§ TASK BRIEF
No pictures go into the copy. Write out exactly the lines below from the one containing "sunroom featuring an" through the one containing "a large kitchen".

═════ PROVIDED RECORDS

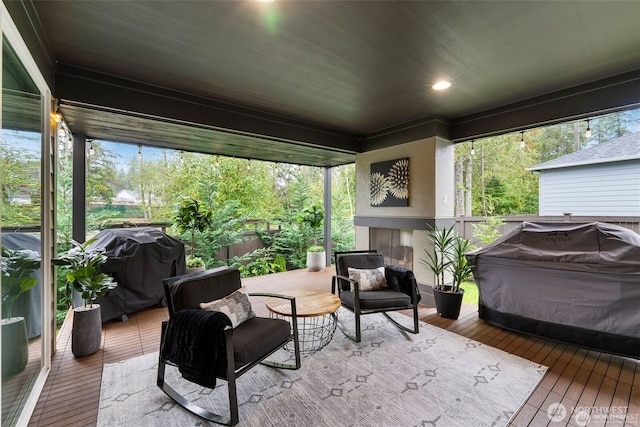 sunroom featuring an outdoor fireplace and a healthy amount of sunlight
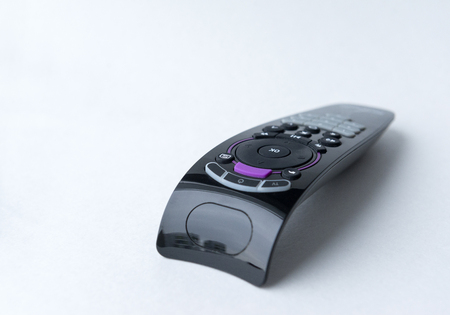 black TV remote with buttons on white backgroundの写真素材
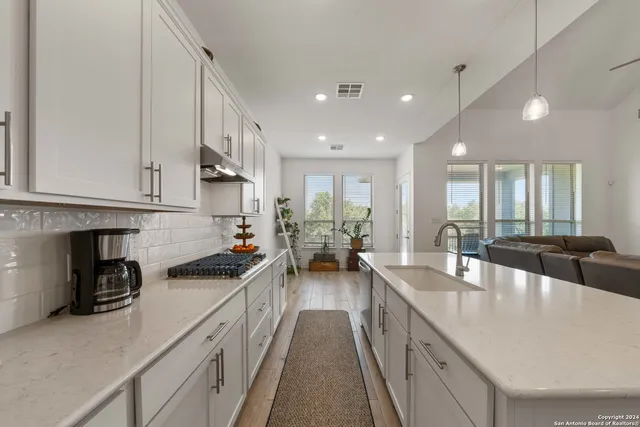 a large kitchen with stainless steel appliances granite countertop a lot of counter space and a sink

══════════
═════ PROVIDED RECORDS

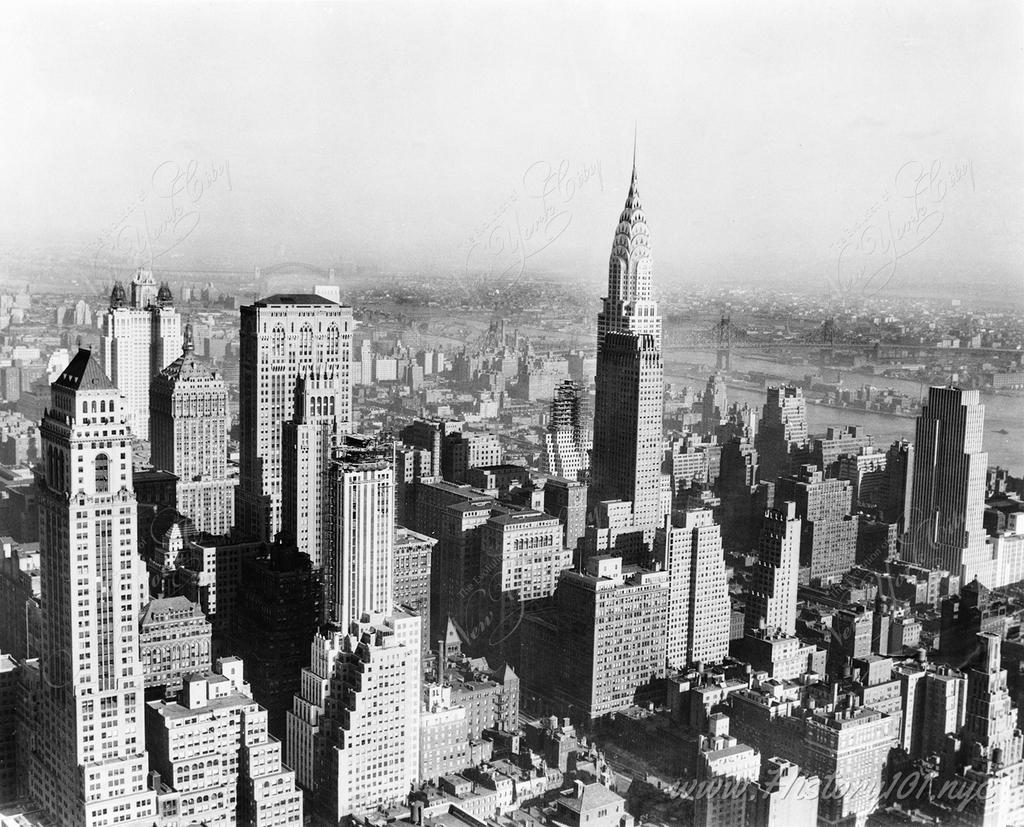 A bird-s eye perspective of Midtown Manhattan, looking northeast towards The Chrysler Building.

══════════
═════ PROVIDED RECORDS

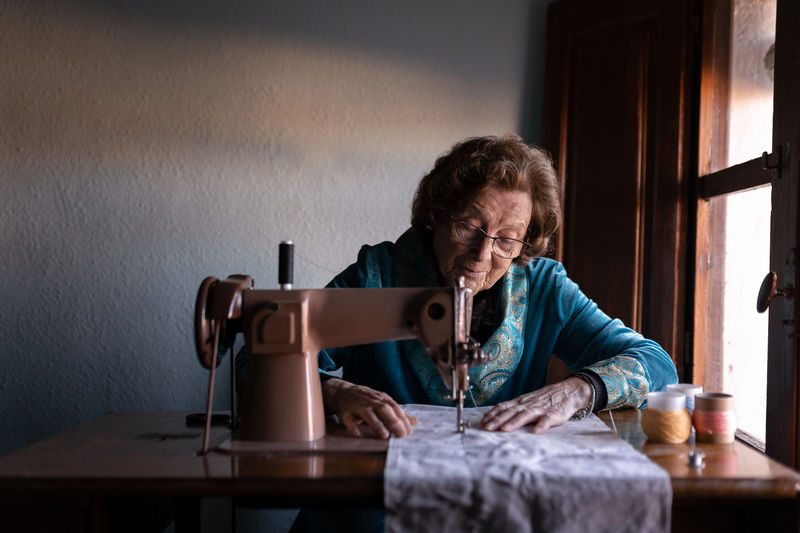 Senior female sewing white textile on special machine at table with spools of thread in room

══════════

§ EXERCISE RESULT
 sunroom featuring an outdoor fireplace and a healthy amount of sunlight
 black TV remote with buttons on white backgroundの写真素材
 a large kitchen with stainless steel appliances granite countertop a lot of counter space and a sink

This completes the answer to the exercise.